"You're in my spot."
With a groan of frustration, I saw Alexis Sanchez motion to
the bench. He’s done his hamstring again, and after a mediocre performance with
one momentary glimpse of his past brilliance – it was too much to take on a day
United was winning but with storms always on the horizon. Brought about by as
inept a performance as you would have expected from the late days of the previous
reign.
Hobbling off, he sat down and got comfortable only to then see the ‘Boss’, not Alex Ferguson, not Jose Mourinho, but Ole Gunnar Solskjaear the baby -faced former assassin turned manager motioned him to get out of his chair.
I smiled.
There is a romance of seeing a former successful player come
back to a stadium nicknamed ‘The Theatre of Dreams’ and becoming successful. And
OGS is caught between two. Across the city, the nosy neighbours have found
voice through a man fashioned in the fires of Barcelona – first as a player and
then as a resourceful manager. Pep Guardiola at Manchester City is coming onto
a half century of existence on this planet having won every domestic trophy
possible whether on the pitch or off it. His name will be etched in the foundation
of the 21st century football legacy. And he is still getting
started.
On the other side is Zinedine Zidane, the ‘popular’ inheritor
of the seat OGS sits in. A much more famous player than manager, he mastered
the ability to make a Real Madrid team reeling from a Jose Mourinho hangover
into a cerebral masterpiece. They were never going to be a consistent work
force, but the moments of clarity required to better the crunch moments –
Zidane learnt that beautifully as a player and transferred it to the ones under
his charge. Winning the premier continental cup in Europe is no mean feat, and
that too three times in a row is almost unheard of with the challenges of
modern day football.
And now we shall come to Ole Gunnar Solskjear.

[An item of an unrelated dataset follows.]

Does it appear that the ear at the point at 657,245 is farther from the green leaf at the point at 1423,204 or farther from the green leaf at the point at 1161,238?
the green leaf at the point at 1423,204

Alex Ferguson found a key role for him in the team after a lost
chase for Shearer left them scrambling to get Molde’s top striker for an amount that
astonished everyone. Being offered around for much lesser, Molde might have
thought they got a good deal in.
Half a decade later the striker would prove to become one of
the greatest bargains in transfer history – and a legend in a club growing from
strength to strength.
True to OGS, he understood his role as an impact substitute
wonderfully. Playing a full game from the start was for workhorses like Andy
Cole and Dwight Yorke, but keeping the nerve in those thundering moments of
closure - that was when the smiling assassin would be revealed.

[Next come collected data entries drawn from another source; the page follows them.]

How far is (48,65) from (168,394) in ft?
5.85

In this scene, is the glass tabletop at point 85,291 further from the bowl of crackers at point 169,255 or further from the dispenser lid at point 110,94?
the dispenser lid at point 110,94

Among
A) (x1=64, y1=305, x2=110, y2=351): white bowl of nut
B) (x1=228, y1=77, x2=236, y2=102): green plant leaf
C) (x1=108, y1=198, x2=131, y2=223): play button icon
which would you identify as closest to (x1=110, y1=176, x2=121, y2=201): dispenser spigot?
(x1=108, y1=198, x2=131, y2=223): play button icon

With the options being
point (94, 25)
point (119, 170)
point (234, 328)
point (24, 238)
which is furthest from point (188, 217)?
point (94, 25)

The crescendo was obviously the Treble season, where he
scored one of his 29 goals off the bench in the dying seconds of a match in Barcelona
against a Bayern Munich side still understanding how United had drawn level after being second best for almost the entire match. It would have been an amazing turnaround from 1-0
down to 2-1 up in any match. But this wasn’t any match.
This was the Champions League Final.
Around 8 years later, fittingly scoring against Blackburn
after coming on in his final game, he took up the mantle of reserves manager mentoring the men who would go on to become pillars of a new United team.

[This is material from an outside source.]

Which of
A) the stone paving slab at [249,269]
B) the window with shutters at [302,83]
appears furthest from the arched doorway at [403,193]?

And soon, he found his first full time managerial job with Molde, the club which provided him the platform
to get to United in the first place. But unlike the fairytales of Zidane and
Guardiola, Molde and post that Cardiff have proven to be a bit duller for a man
who lit up nights in Barcelona and Manchester.
A mixed run in Norway and a disastrous season in UK are
hardly credentials on which to build a resume for assuming the job of one of
the most prestigious clubs in the world. Everyone saw him as the sub for
Mourinho in the middle of a panic spell for United – just there to fill the
time and rally the troops till the ‘proper’ man, the starter came. Even after 5
wins at the start, matching Sir Matt Busby’s record, the argument is still out
amid concerns of player power running the show.
Is he the man to lead United into a fairytale? Cause Old
Trafford has seen it’s share of nightmares over the last few seasons since the
man who brought him to United at the tender age of 23 left the scene.
There will be doubts, and a few of them may be answered if
United get the better of Tottenham next weekend. But the steel, the need to
impose yourself in a world of dabbing megastars and social media gloryhounds –
I saw a bit of that when he took Alexis off the seat.
It was his.
And the super sub wanted to start this time.